If you miss a dose, take it as soon as you can. If it is almost time for your next dose, take only that dose. Do not take double or extra doses.

Where should I keep my medicine?

Keep out of reach of children.

Store at room temperature below 30 degrees C (86 degrees F). Keep container tightly closed. Protect from moisture. Throw away any unused medicine after the expiration date.

What should I tell my health care provider before I take this medicine?

They need to know if you have any of these conditions:

  • Asian ancestry

  • bone marrow disease

  • glaucoma

  • heart disease or irregular heartbeat

  • kidney disease

  • liver disease

  • low blood counts, like low white cell, platelet, or red cell counts

  • porphyria

  • psychotic disorders

  • suicidal thoughts, plans, or attempt; a previous suicide attempt by you or a family member

  • an unusual or allergic reaction to carbamazepine, tricyclic antidepressants, phenytoin, phenobarbital or other medicines, foods, dyes, or preservatives

  • pregnant or trying to get pregnant

  • breast-feeding

What should I watch for while using this medicine?

Visit your doctor or healthcare provider for a regular check on your progress. Do not change brands or dosage forms of this medicine without discussing the change with your doctor or healthcare provider. If you are taking this medicine for epilepsy (seizures), do not stop taking it suddenly. This increases the risk of seizures.
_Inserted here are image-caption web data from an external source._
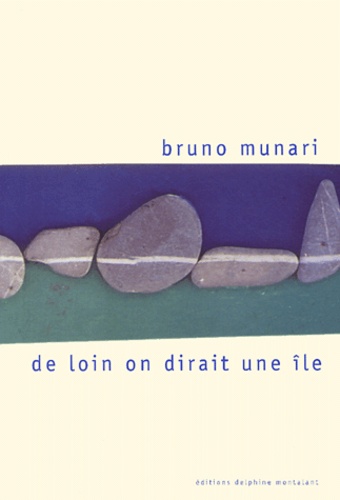 Bruno Munari - De loin on dirait une île.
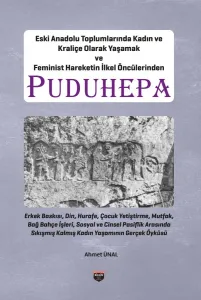 Eski Anadolu Toplumlarında Kadın ve Kraliçe Olarak Yaşamak ve Feminist Hareketin İlkel Öncülerinden Puduhepa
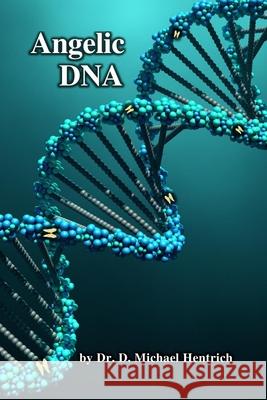 Angelic DNA D. Michael Hentrich 9781494829360 Createspace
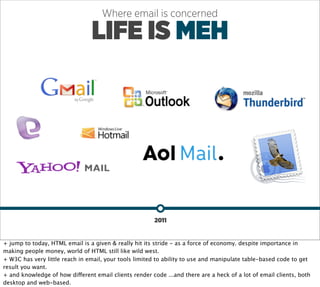 Where email is concerned

                                LIFE IS MEH




                                                        2011


+ jump to today, HTML email is a given & really hit its stride - as a force of economy. despite importance in
making people money, world of HTML still like wild west.
+ W3C has very little reach in email, your tools limited to ability to use and manipulate table-based code to get
result you want.
+ and knowledge of how different email clients render code ...and there are a heck of a lot of email clients, both
desktop and web-based.
 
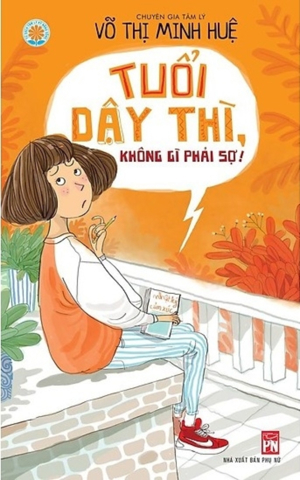 Tuổi dậy thì không gì phải sợ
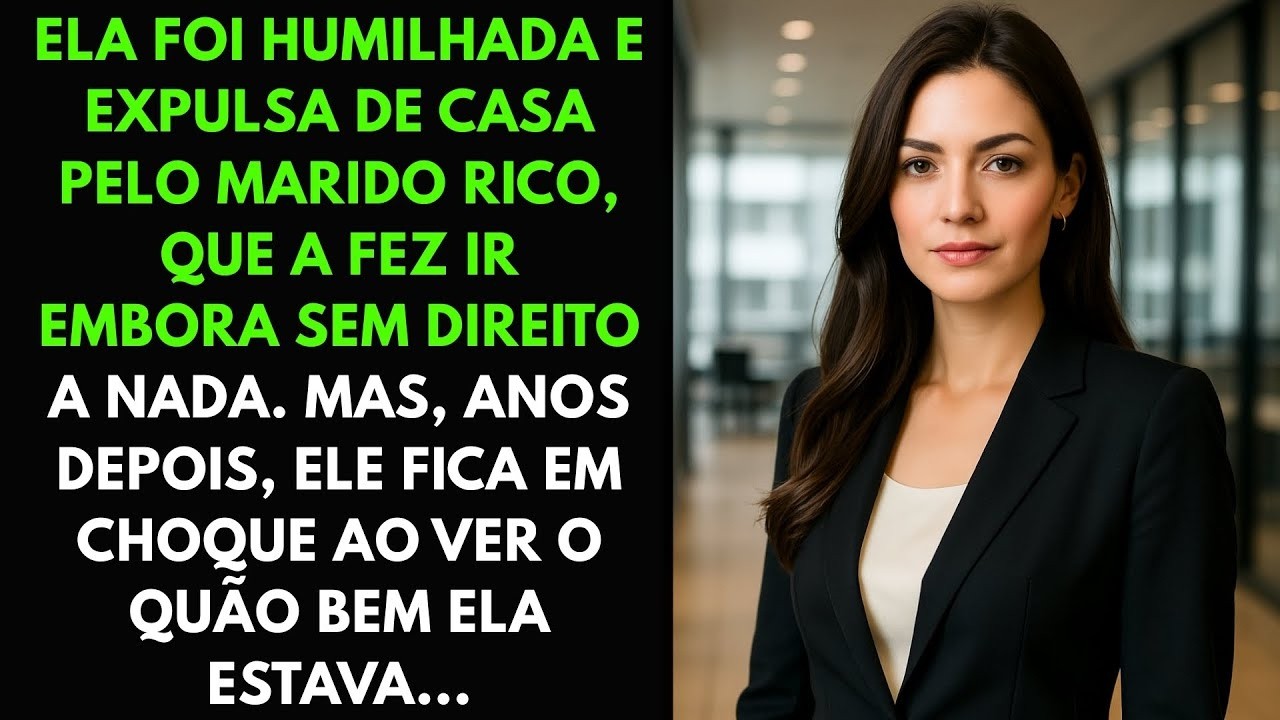 Esposa Foi Humilhada e Expulsa de Casa pelo Marido Rico  Mas, Anos Depois, ele Fica em Choque…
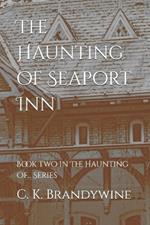 The Haunting of Seaport Inn: Book Two in The Haunting Of... Series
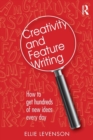 Creativity and Feature Writing : How to Get Hundreds of New Ideas Every Day - Book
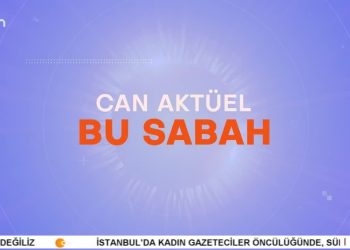 Çilem Küçükkeleş’in Sunumuyla Can Aktüel Bu Sabah – 1. Bölüm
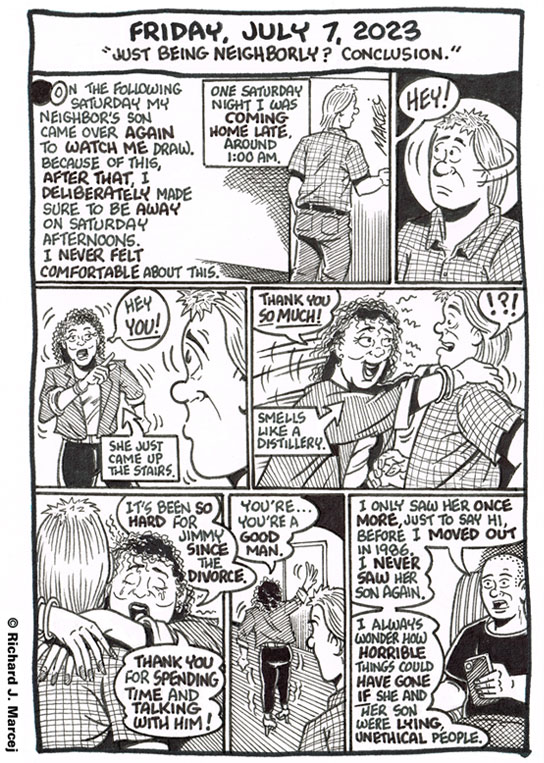Daily Comic Journal: July 7, 2023:  “Just Being Neighborly? Conclusion.”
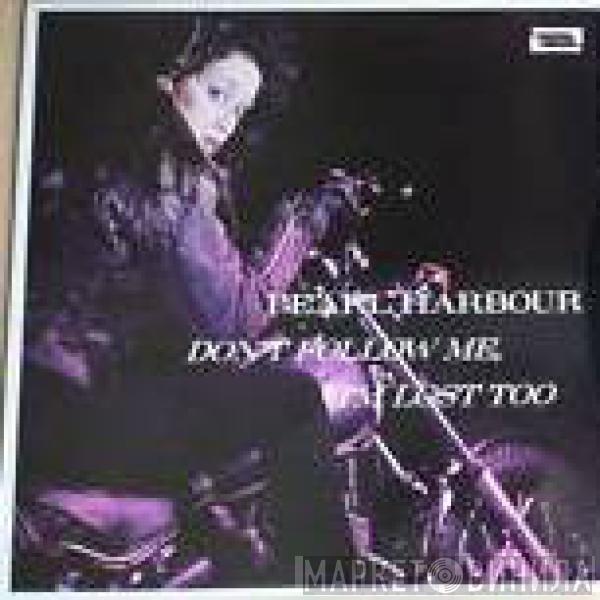Pearl Harbour - Don't Follow Me, I'm Lost Too
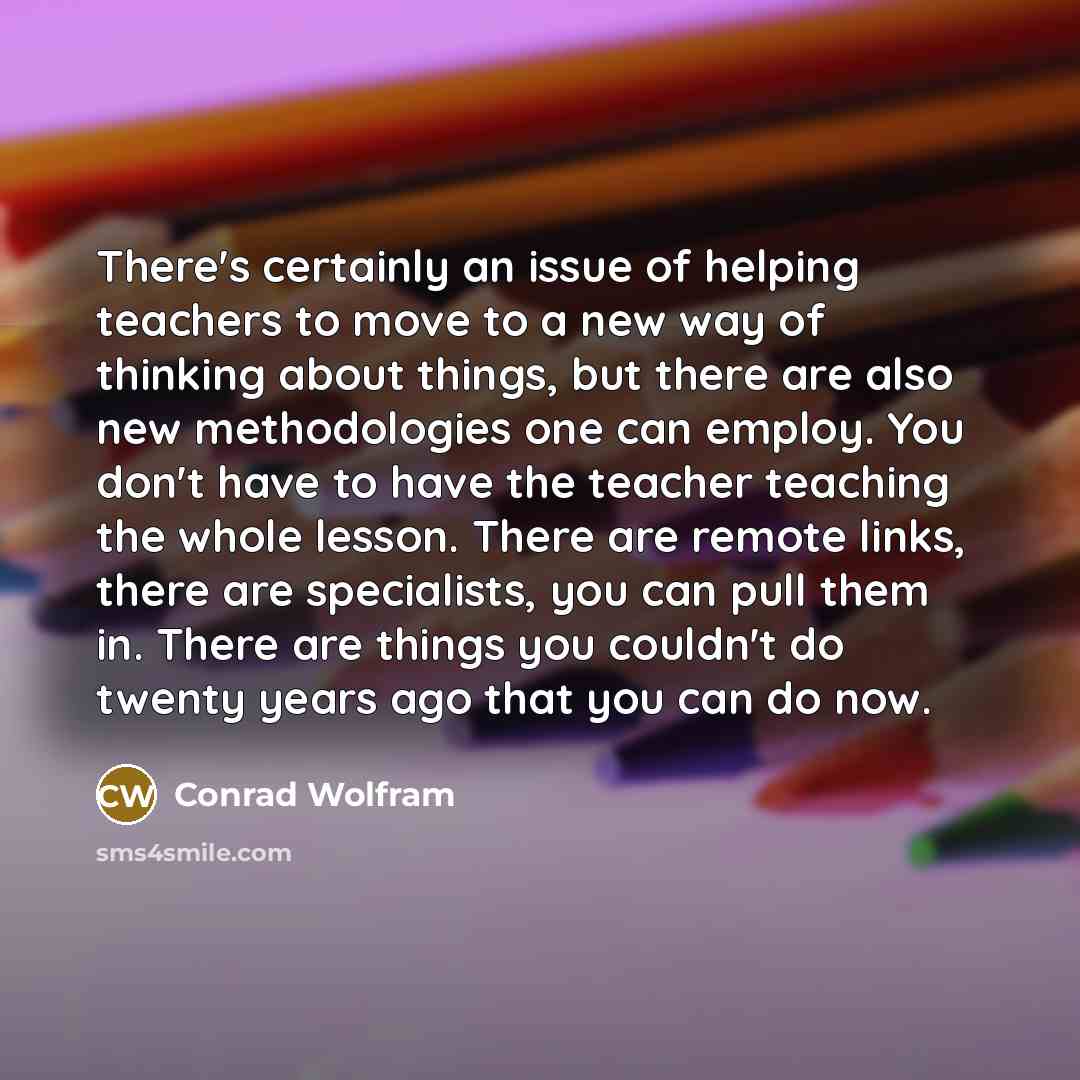 “There's certainly an issue of helping teachers to move to a new way of thinking about things, but there are also new methodologies one can employ. You don't have to have the teacher teaching the whole lesson. There are remote links, there are specialists, you can pull them in. There are things you…” quote by Conrad Wolfram
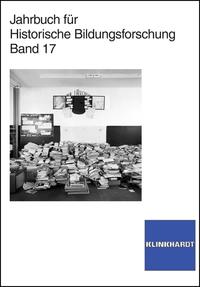 Vorderes Coverbild Jahrbuch für Historische Bildungsforschung, Band 17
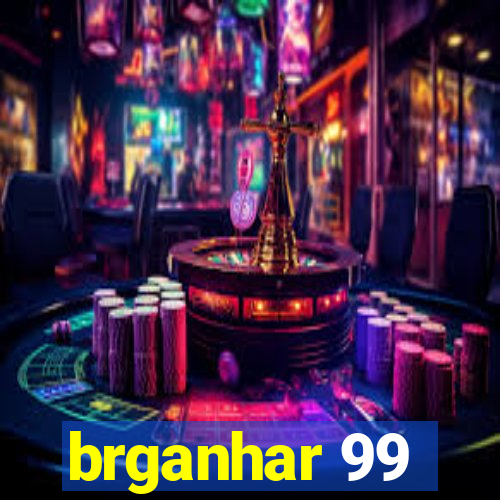 brganhar 99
Wear a Medic Alert bracelet or necklace. Carry an identification card with information about your condition, medications, and doctor or healthcare provider.

You may get drowsy, dizzy, or have blurred vision. Do not drive, use machinery, or do anything that needs mental alertness until you know how this medicine affects you. To reduce dizzy or fainting spells, do not sit or stand up quickly, especially if you are an older patient. Alcohol can increase drowsiness and dizziness. Avoid alcoholic drinks.

This medicine may cause serious skin reactions. They can happen weeks to months after starting the medicine. Contact your healthcare provider right away if you notice fevers or flu-like symptoms with a rash. The rash may be red or purple and then turn into blisters or peeling of the skin. Or, you might notice a red rash with swelling of the face, lips or lymph nodes in your neck or under your arms.

Birth control pills may not work properly while you are taking this medicine. Talk to your doctor about using an extra method of birth control.

This medicine can make you more sensitive to the sun. Keep out of the sun. If you cannot avoid being in the sun, wear protective clothing and use sunscreen. Do not use sun lamps or tanning beds/booths.

The use of this medicine may increase the chance of suicidal thoughts or actions. Pay special attention to how you are responding while on this medicine. Any worsening of mood, or thoughts of suicide or dying should be reported to your healthcare provider right away.

Women who become pregnant while using this medicine may enroll in the North American Antiepileptic Drug Pregnancy Registry by calling 1-888-233-2334. This registry collects information about the safety of antiepileptic drug use during pregnancy.

This medicine may cause a decrease in vitamin D and folic acid. You should make sure that you get enough vitamins while you are taking this medicine. Discuss the foods you eat and the vitamins you take with your healthcare provider.